Die christliche Apokalyptik

(…) Ich habe bereits erwähnt, wie sehr die christliche Apokalyptik eine Fortführung der jüdischen Heilserwartung ist. Das Schwergewicht wird also auf denjenigen Zügen einer christlichen Apokalyptik liegen, wo diese Neues und Originäres entwickelt hat. (…)

„Man wird das Christentum der Apokalypse als ein schwach christianisiertes Judentum bezeichnen müssen.“

Dieser Satz Bultmanns markiert den Beginn eines Prozesses, der vom „Christentum der Apokalypse“ zu einer selbständigen „Apokalyptik des Christentums“ führt. Es ist gleichzeitig der Prozess, in dem sich auch „die Eschatologie des Christentums von der des Judentums entfernte“. Dieser Entwicklung wollen wir kurz nachgehen. Die Verkündigung Jesu ist ebenso wie die der Evangelisten von eschatologischer Naherwartung geprägt. Hier begegnen uns ebenso wie in der paulinischen Verkündigung religionsgeschichtlich bereits bekannte Motive:

1) Endzeitliche Wehen wie Hass und Verrat, Umsturz der bisherigen Verhältnisse und kosmische Katastrophen, die dem eigentlichen Gericht vorausgehen:

„Dann werden viele abfallen und werden sich untereinander verraten und werden sich untereinander hassen […]. Sogleich aber nach der Bedrängnis jener Zeit wird die Sonne sich verfinstern und der Mond seinen Schein verlieren, und die Sterne werden vom Himmel fallen, und die Kräfte der Himmel werden ins Wanken kommen.“

2) Das Jüngste Gericht (als kosmisches, alle Menschen betreffendes Weltgericht) mit dem Richter auf dem Thron:

„Wenn aber der Menschensohn kommen wird in seiner Herrlichkeit, und alle Engel mit ihm, dann wird er sitzen auf dem Thron seiner Herrlichkeit […].“

Interessant ist in diesem Zusammenhang auch der Verweis auf die bereits aus Dan 7

bekannte Gestalt des „Menschensohns“ als Messias der Endzeit.

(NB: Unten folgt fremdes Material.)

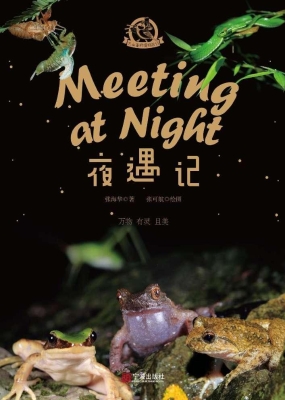 夜遇记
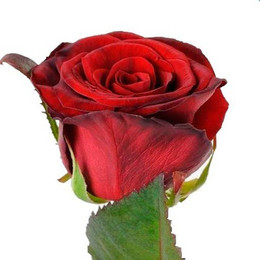 Rosa Gr Prestige (Роза Гр Престиж) В60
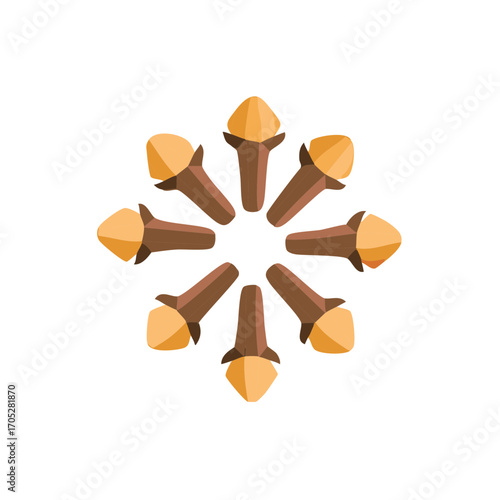 Decorative star pattern made from dried whole cloves aromatic culinary spices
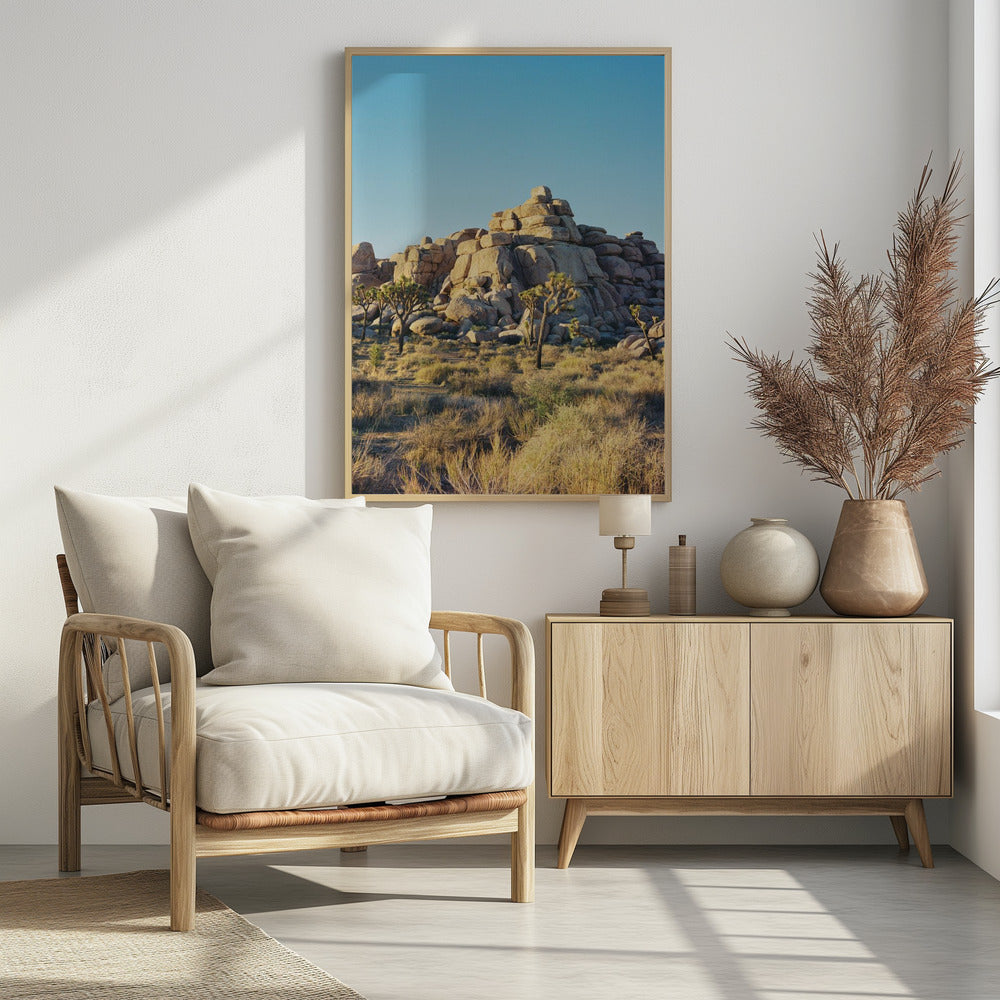 Zonsondergang in Joshua Tree | Poster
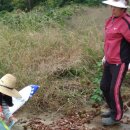 월야농장 이미지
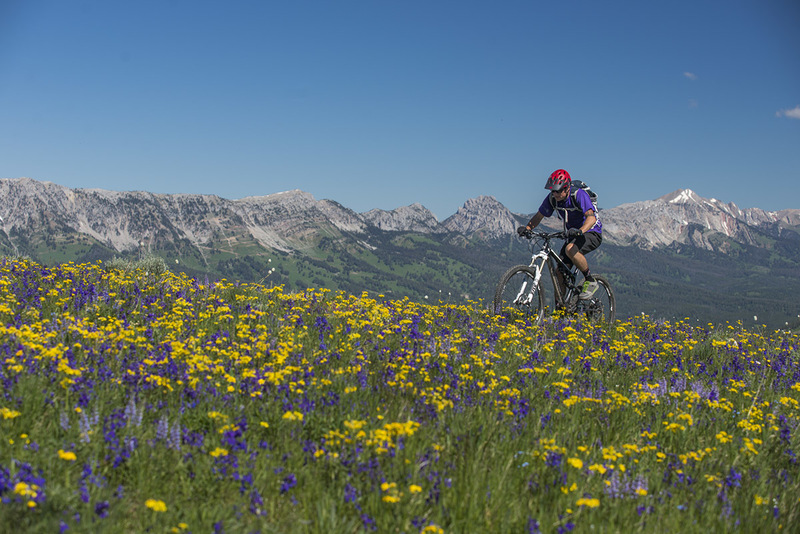 Riding through flowers up Stone Creek on the Bangtail Divide.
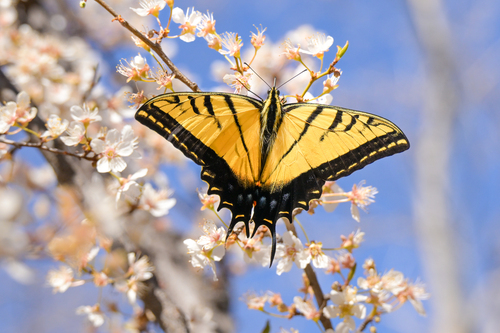 Two-tailed Swallowtail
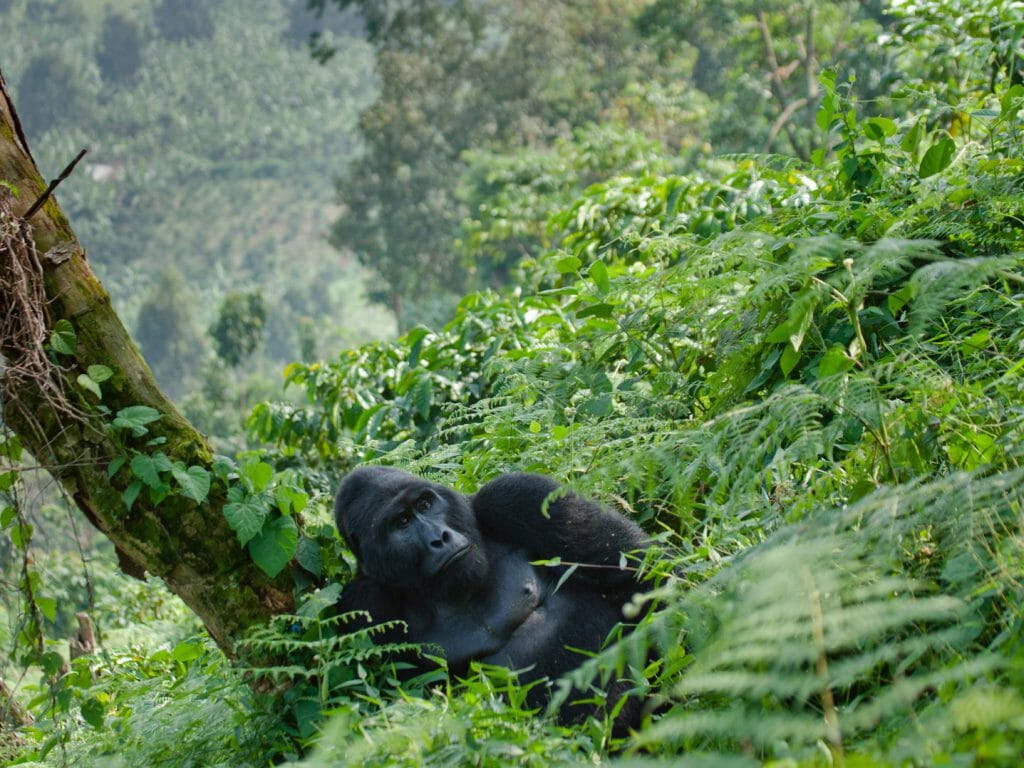 7 Days Uganda Rwanda Wildlife & Primate safari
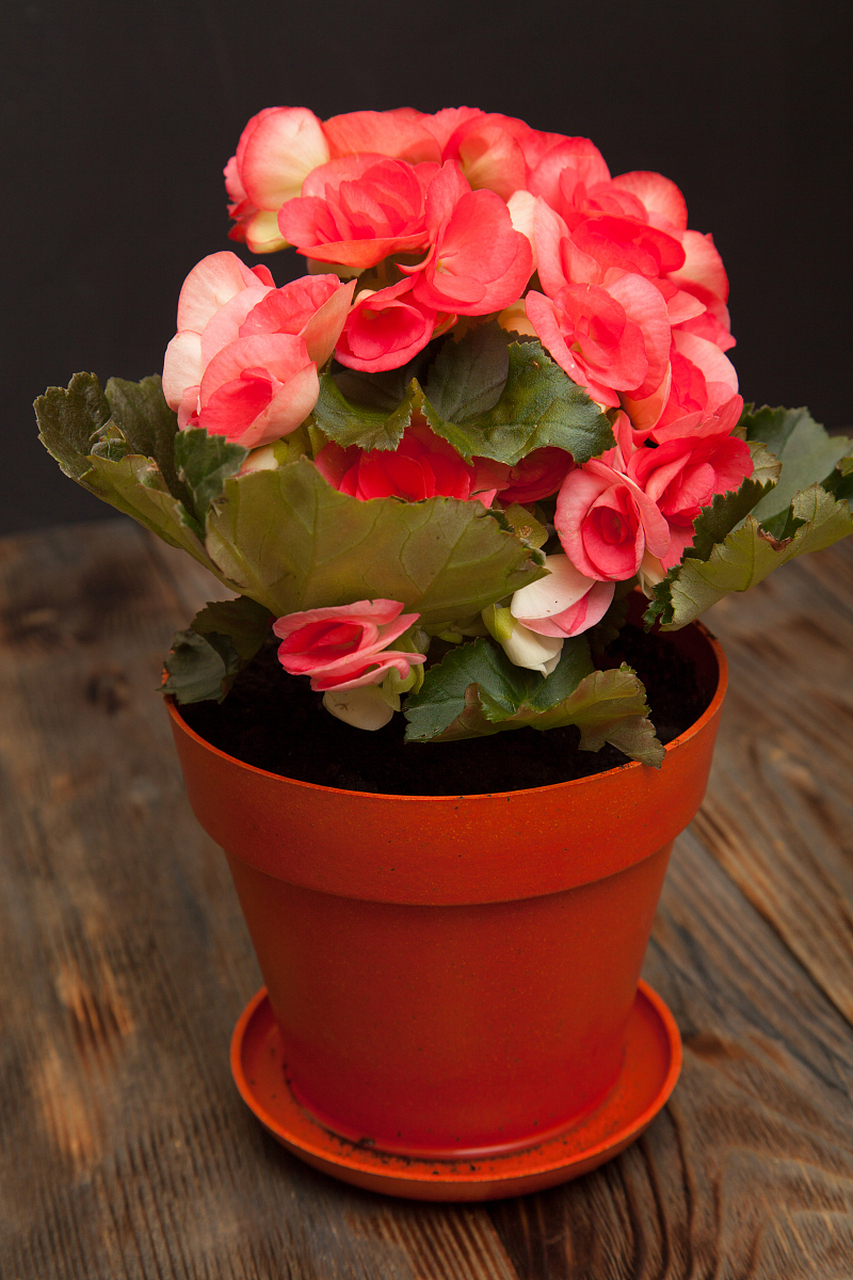 玻璃海棠是一种美丽的花卉,扦插是其繁殖的常见方法.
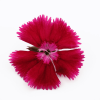 fleurs_comestibles_oeillet_de_chine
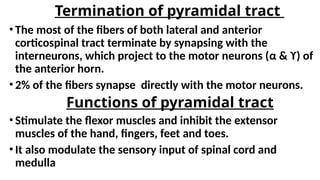 tract of spinal cord for medical students | PPTX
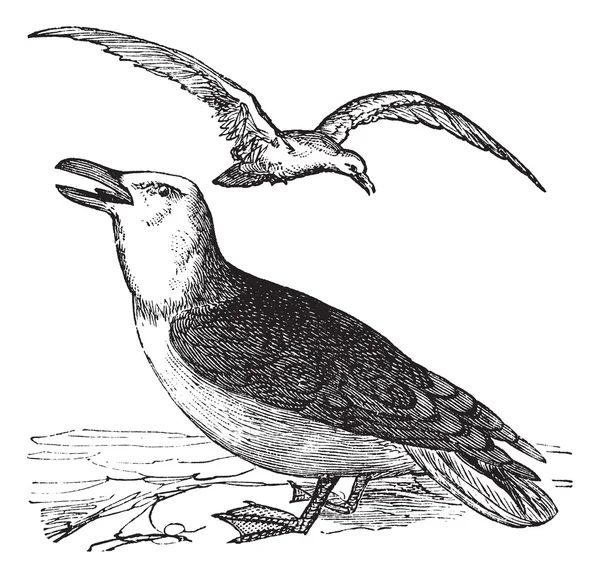 Большая чёрная чайка или ларинская марина с гравировкой — стоковый вектор
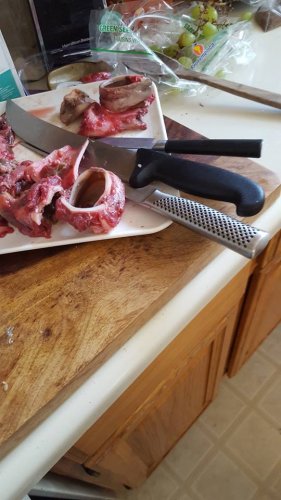 Gullets before oven.jpg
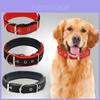 Pet Collar Made Of Pp Polypropylene Breathable And Comfortable Suitable For All Seasons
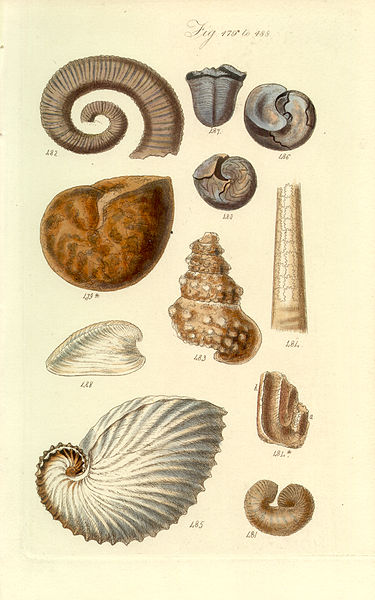 File:Conchological Manual Plate 023.jpg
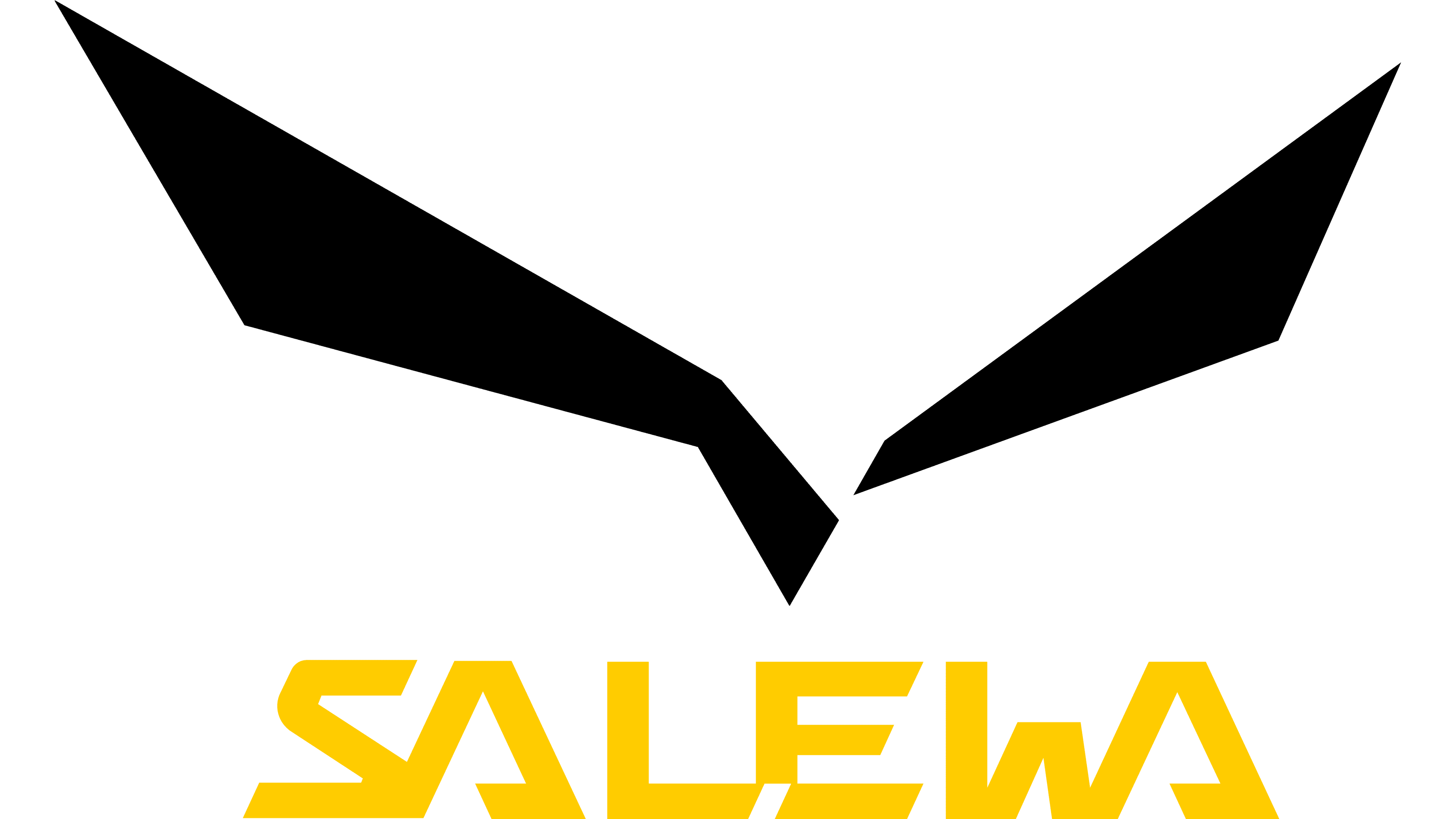 salewa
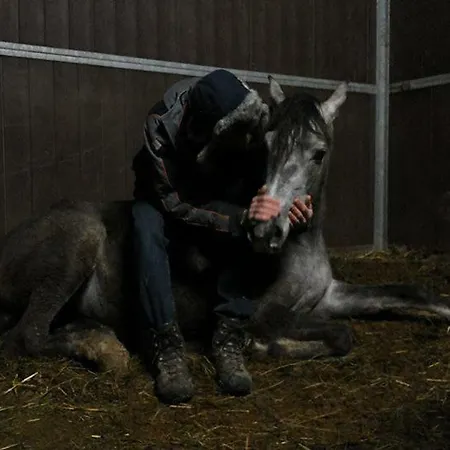 Séjour à la ferme Il Moro Gubbio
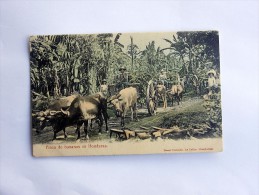 Carte Postale Ancienne : HONDURAS : Finca De Bananos En Honduras - Honduras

3) Die endzeitliche Scheidung aller Guten von den Bösen durch den Richter – ewiges Leben für die Guten, ewige Strafe für die Bösen:

„Und er wird sie [die Völker] voneinander scheiden, wie ein Hirt die Schafe von den Böcken scheidet […] und sie werden hingehen: diese zur ewigen Strafe, aber die Gerechten in das ewige Leben.“ (…)

Die Johannesapokalypse als Bündelung und Urgrund christlicher eschatologischer Hoffnung ist in Aufnahme dieser Motive aber nicht nur Fortführung christlich geprägter jüdischer Apokalyptik im Sinne Bultmanns, sondern markiert den Beginn einer sehr eigenständigen christlichen Apokalyptik. Die um das 95/96 n.Chr., zur Regierungszeit des Kaisers Domitian unter dem Eindruck der Christenverfolgungen entstandene Apokalypse stellt in ihrer Kanonizität gegenüber unzähligen anderen Apokalypsen des 1. und 2. Jhs. (vgl. dazu die Ausführungen zur jüdischen Apokalyptik) eine Ausnahme dar, zumal sie auch formal aus dem Kanon des Neuen Testamentes herauszufallen scheint. Mit visionärer Kraft entfaltet sie eine himmlische Vision vom kommenden Gericht. Auch hier begegnen uns bekannte apokalyptische Motive: der Thron Gottes (Apok 4,2.5 in Anlehnung an Dan 7), das Buch mit den sieben Siegeln als Buch der Taten der Menschen (Apok 5, ebenfalls aus Dan 7 bekannt), kosmische Katastrophen als Vorboten des kommenden Endes (Apok 6,12ff., die sechs Posaunen Apok 8f. u.ö.), der Anbruch des ewigen Friedensreiches nach dem Endkampf mit dem Bösen (Apok 20f.) usf.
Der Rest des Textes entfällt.